# [Exercise instructions]
Each line from the one with "this 800×533 image." through the end of the records below should be transcribed exactly, and each picture should be skipped.

[Referring expression grounding data]

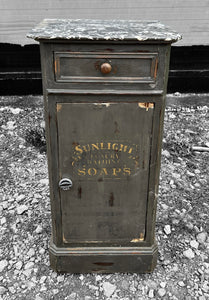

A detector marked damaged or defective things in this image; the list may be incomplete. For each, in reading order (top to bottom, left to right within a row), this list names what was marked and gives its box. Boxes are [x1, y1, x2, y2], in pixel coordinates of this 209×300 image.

chipped paint surface [27, 18, 181, 42]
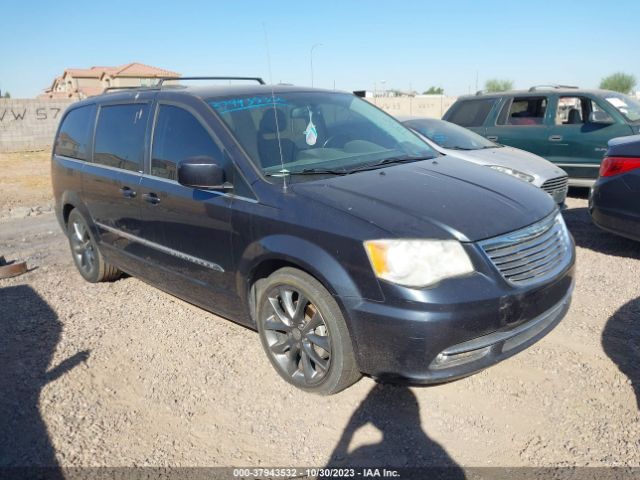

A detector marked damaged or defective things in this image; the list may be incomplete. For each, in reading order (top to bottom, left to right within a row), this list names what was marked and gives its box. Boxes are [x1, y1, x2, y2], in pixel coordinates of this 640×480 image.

rusty metal debris [0, 255, 27, 278]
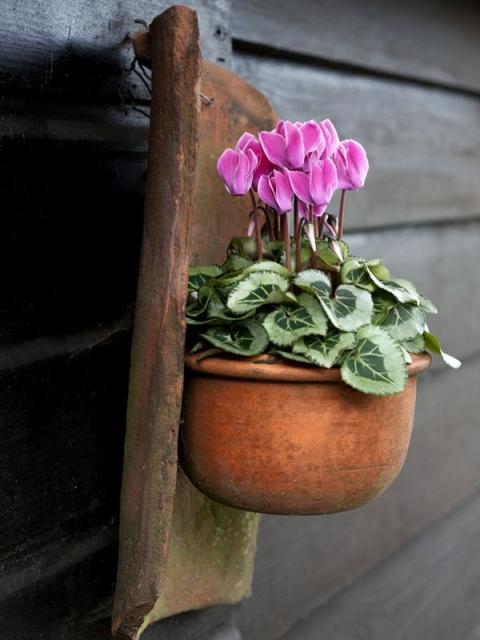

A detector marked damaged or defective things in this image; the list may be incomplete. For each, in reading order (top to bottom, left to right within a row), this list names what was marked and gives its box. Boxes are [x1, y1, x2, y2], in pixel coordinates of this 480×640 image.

rusty metal bracket [111, 6, 280, 640]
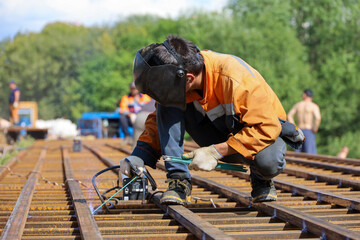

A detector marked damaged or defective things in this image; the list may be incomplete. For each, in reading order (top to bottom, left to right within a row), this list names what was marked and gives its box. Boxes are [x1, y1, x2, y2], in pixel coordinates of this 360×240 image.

rusty rail track [0, 138, 358, 239]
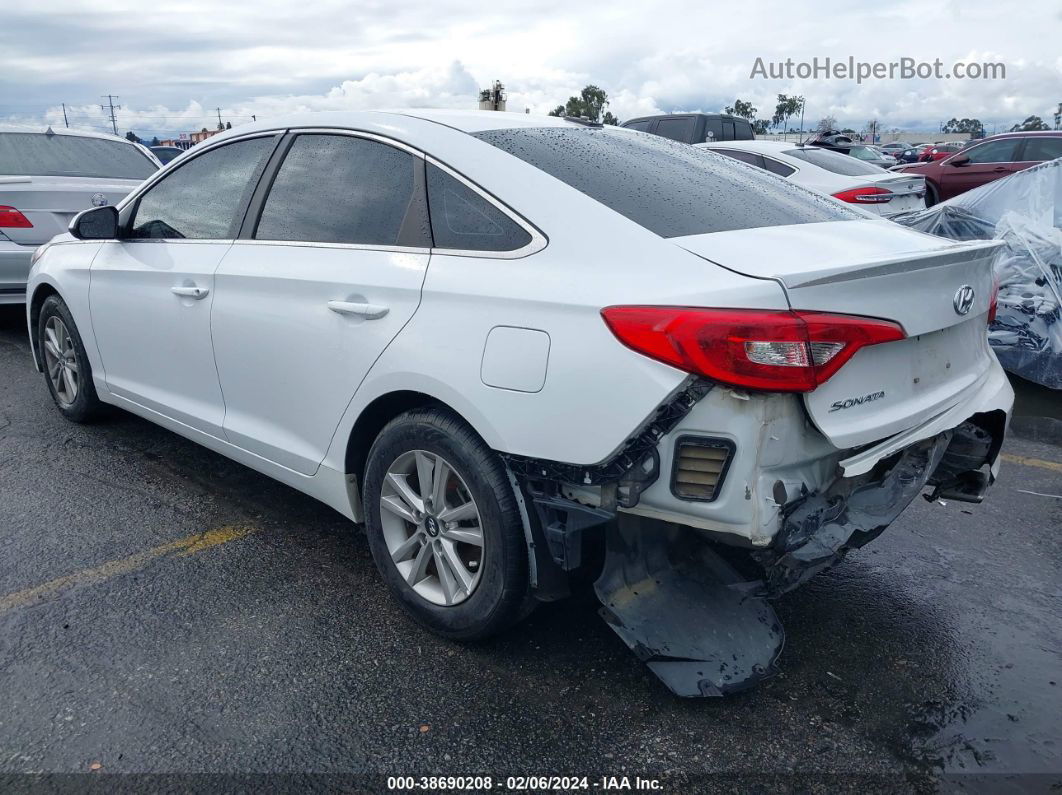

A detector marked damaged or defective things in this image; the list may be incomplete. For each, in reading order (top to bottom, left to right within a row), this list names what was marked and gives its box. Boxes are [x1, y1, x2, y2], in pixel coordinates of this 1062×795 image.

severe rear collision damage [504, 382, 1004, 700]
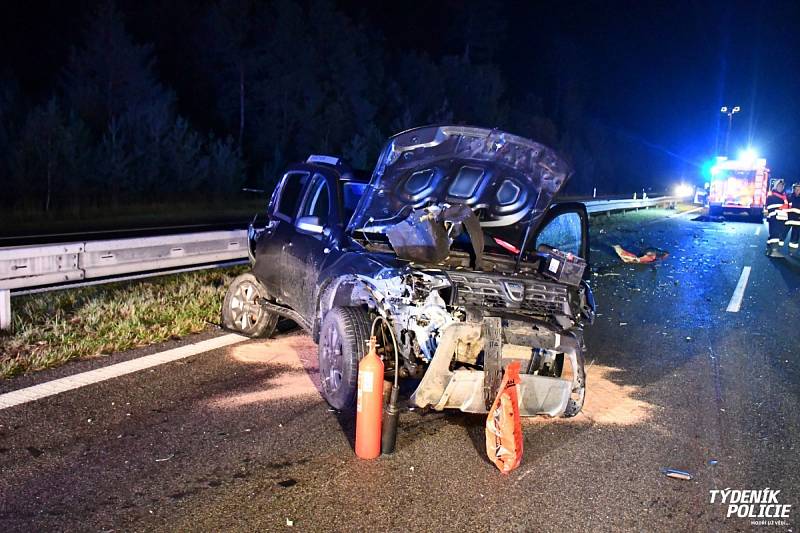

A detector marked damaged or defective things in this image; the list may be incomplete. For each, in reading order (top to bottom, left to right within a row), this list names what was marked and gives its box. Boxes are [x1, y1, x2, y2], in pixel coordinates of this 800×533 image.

severely damaged car [222, 124, 592, 416]
crumpled front bumper [412, 318, 580, 418]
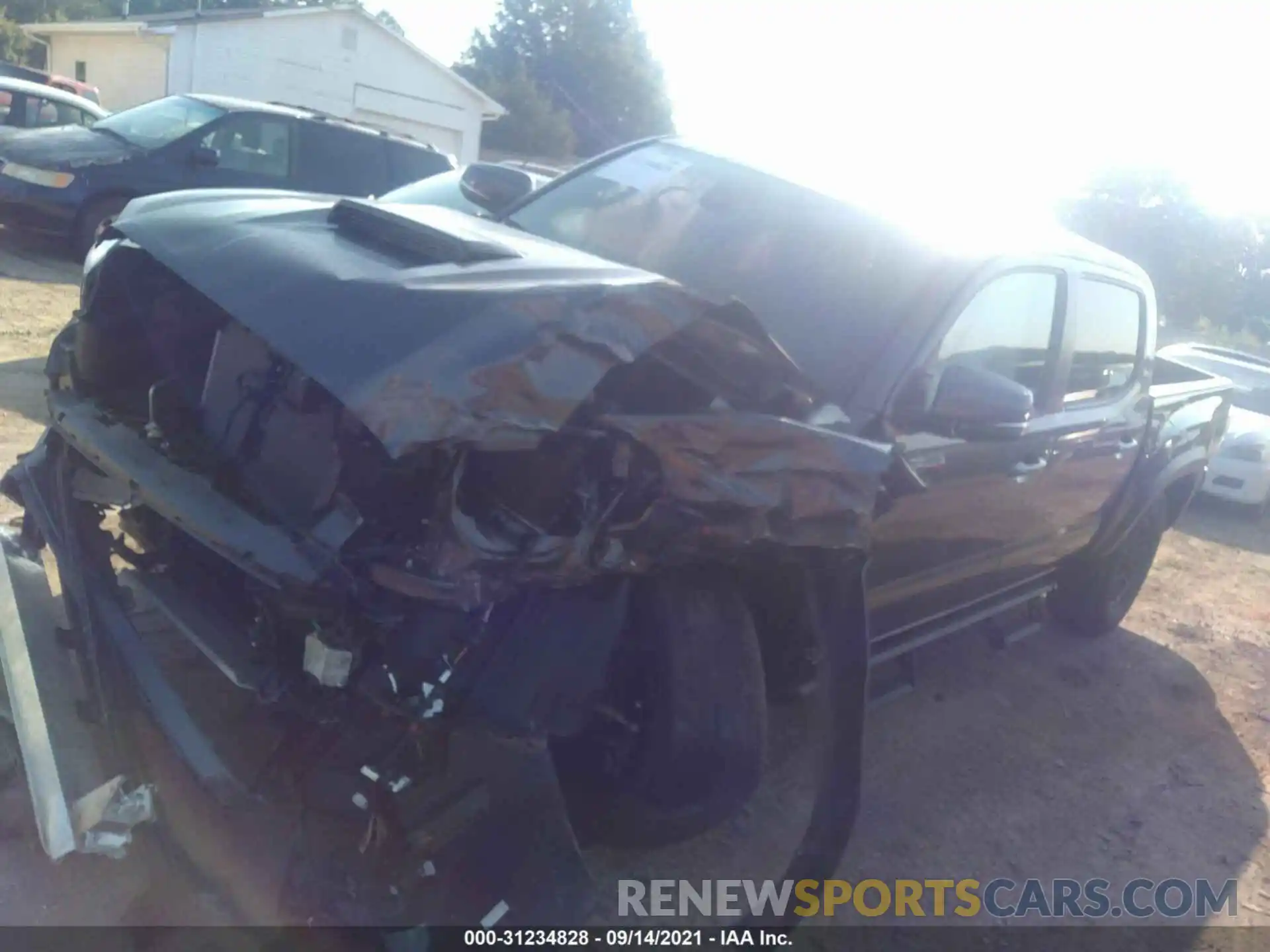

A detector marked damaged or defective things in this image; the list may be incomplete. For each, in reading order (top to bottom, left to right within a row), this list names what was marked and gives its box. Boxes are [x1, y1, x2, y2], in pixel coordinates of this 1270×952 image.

# [Answer to this exercise]
A detector marked damaged or defective things in this image; the list may be incomplete. For each, in reading order (top to bottom, left to right within a row), this list names what was marked and gives its box. Boxes are [x1, y1, x2, y2], in pixel coordinates of this 800×533 image.

severely damaged car [222, 124, 592, 416]
crumpled front bumper [412, 318, 580, 418]

A detector marked damaged or defective things in this image; the list may be incomplete. For each, in reading order (top to bottom, left to right within a row), this list names what was marked and gives its box. Boxes are [x1, y1, x2, y2], in pixel coordinates of this 1270×952 image.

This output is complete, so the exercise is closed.